自分勝手な映画批評
グラディエーター グラディエーター
2000 アメリカ 155分
監督/リドリー・スコット
出演/ラッセル・クロウ ホアキン・フェニックス コニー・ニールセン
西暦180年のゲルマニア。マキシマス将軍(ラッセル・クロウ)が統率するローマ軍は交渉の為に敵に送った使者の帰りを待っていた。

おれの妻と息子は、もう待ってる

帝政ローマ時代を舞台にローマ軍の将軍から剣闘士(グラディエーター)へと図らずも転身した男の生きざまを描いた作品。

私はこの手の作品が苦手である。かなり時を遡った海外の時代モノというのは、馴染みの薄い私にとっては取っ付き難い。また、二時間を優に超える長尺というのも気軽に臨める訳ではないので敬遠したくなる。だが、結論から言えば存分に楽しめる作品だった。この先、改善出来るかどうかは分からないのだが、食わず嫌いは愚かだと実感させられる思いである。

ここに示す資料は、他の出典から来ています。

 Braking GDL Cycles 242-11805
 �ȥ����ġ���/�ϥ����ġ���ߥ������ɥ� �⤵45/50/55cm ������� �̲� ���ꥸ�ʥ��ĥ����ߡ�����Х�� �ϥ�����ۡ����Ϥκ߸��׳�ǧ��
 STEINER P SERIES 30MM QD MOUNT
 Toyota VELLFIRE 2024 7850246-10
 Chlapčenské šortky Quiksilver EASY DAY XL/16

最盛期のローマ帝国は勢力をアフリカの砂漠から英国の北限地域まで伸ばしており、世界の全人口の1/4はローマ皇帝の支配下にあった。西暦180年、ローマ皇帝マルクス・アウレリウスはゲルマニア征服を目前にしていた。この地を得ればローマの勝利は不動となり、帝国全土に念願の平和が訪れる筈。その目論見を胸に、戦闘の末に目前の敵を全滅させる事に成功した。しかし、アウレリウスは敵を倒しても新たな敵が現れるだけだと悟り、流血の繰り返しに空しさを覚え、また、腐敗した現在のローマを憂うのだった。そこでアウレリウスは、本当の息子ではあるのだが歪んだ心を持ったコモドゥスではなく、息子のように可愛がり最も信頼しているローマ軍のマキシマス将軍に自分の没後のローマを任せる事を決意。そしてマキシマスに自分の意志、ローマの実権をローマ市民の手に戻させローマを浄化させる事を託そうとするのだった。





すべてに行き届いた、完成度の高い極上のエンターテインメント作品だと思う。前述した海外の時代モノ、長尺であるが故の懸念は、まったくの杞憂。このジャンルの素人でも十分に理解可能で、こらえ性のない人でも時を忘れて大いに堪能出来る作品だと思う。

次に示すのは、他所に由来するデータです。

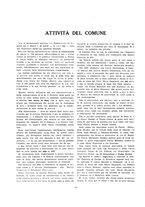 giornale/TO00181044/1933/unico/00000178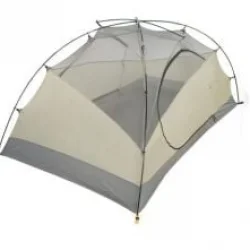 Black Diamond Mesa Çadır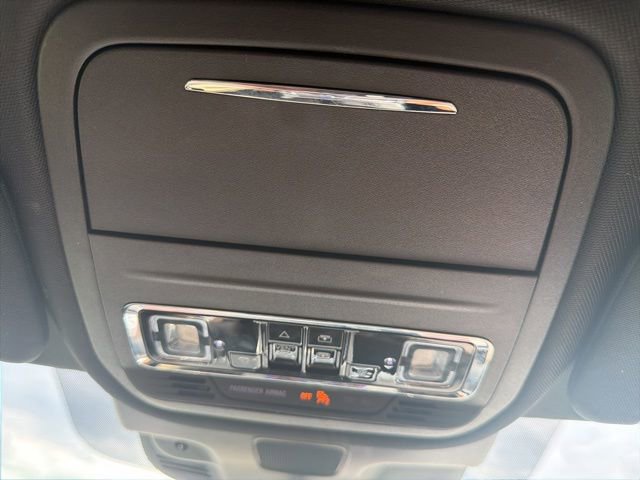 Used 2020 Lincoln Aviator Reserve w/ Equipment Group 202A image 53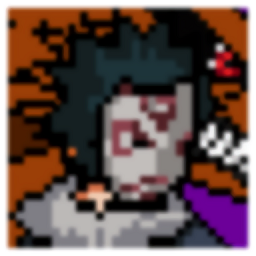 像火次世代2025最新版下载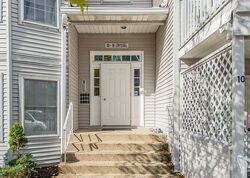  Crystal Ln, Paterson NJ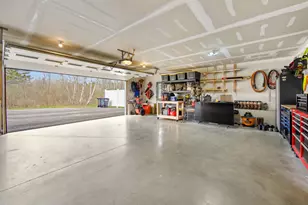 43 Boxwood Ln, Hermon, ME 04401 - Photo 16
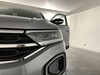 Volkswagen T-Roc 1.0 tsi style 110cv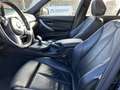BMW 330 330d Touring Aut. Edition M Sport Shadow - thumbnail 3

まず本作で驚くのはスケールの大きさだ。歴史スペクタクルの超大作の場合にはスケールの大きさは常であるので、ある程度の予想は前もって出来るのだが、それでも本作のスケール感には圧倒される。冒頭から大人数での戦闘シーン。まだ兵器が発達してない時代の生々しくて大掛かりな戦闘シーンは迫力満点。このシーンで一気に心を掴まれる事は請け合いであるだろう。

スケール感を出す為に、おそらく多くのCGが用いられていると思うのだが、中でも一番の功績はコロッセウムの再現だと思う。現在の朽ちたコロッセウムも、それはそれで風情があるのだが、本来の姿を見られる事には大きな感動を覚える。

ストーリーも良い。人間心理を巧みに操り、二転三転する起伏のある展開は実に良く出来ている。但し、ベースには勧善懲悪が確固として存在しているので、揺さぶられはしても安定感は基本的に保たれている。

安定感なんて言ってしてしまうと面白味に欠けるように聞こえそうだが、決してそんな事はない。物語の根底が安定しているからこそ、観る者は物語にのめり込めるのだと思う。安定感とスリルの案配は絶妙であり、本作の最大の特長であると思う。

本作は、基本的には出された豪華なフルコースの食事を味わうがごとく、作り手が提示した創造物を、そのままのカタチで楽しむ作品、つまり、観る者に何かを委ねるのではなく、作中ですべてが完結している完成形を届けた作品ではないかと思う。但し、さりげなく重要なメッセージを投げ掛けているように思う。それは民意についてである。

民意が重要なのは間違いない。しかし、その裏に危うさが潜んでいる事も忘れてはならないだろう。とかく民意や支持率をもてはやす昨今であるが、その現状に一石を投じるような側面を本作は持っていると思う。

第73回アカデミー賞、作品賞、主演男優賞(ラッセル・クロウ)、衣裳デザイン賞、録音賞、視覚効果賞受賞作品。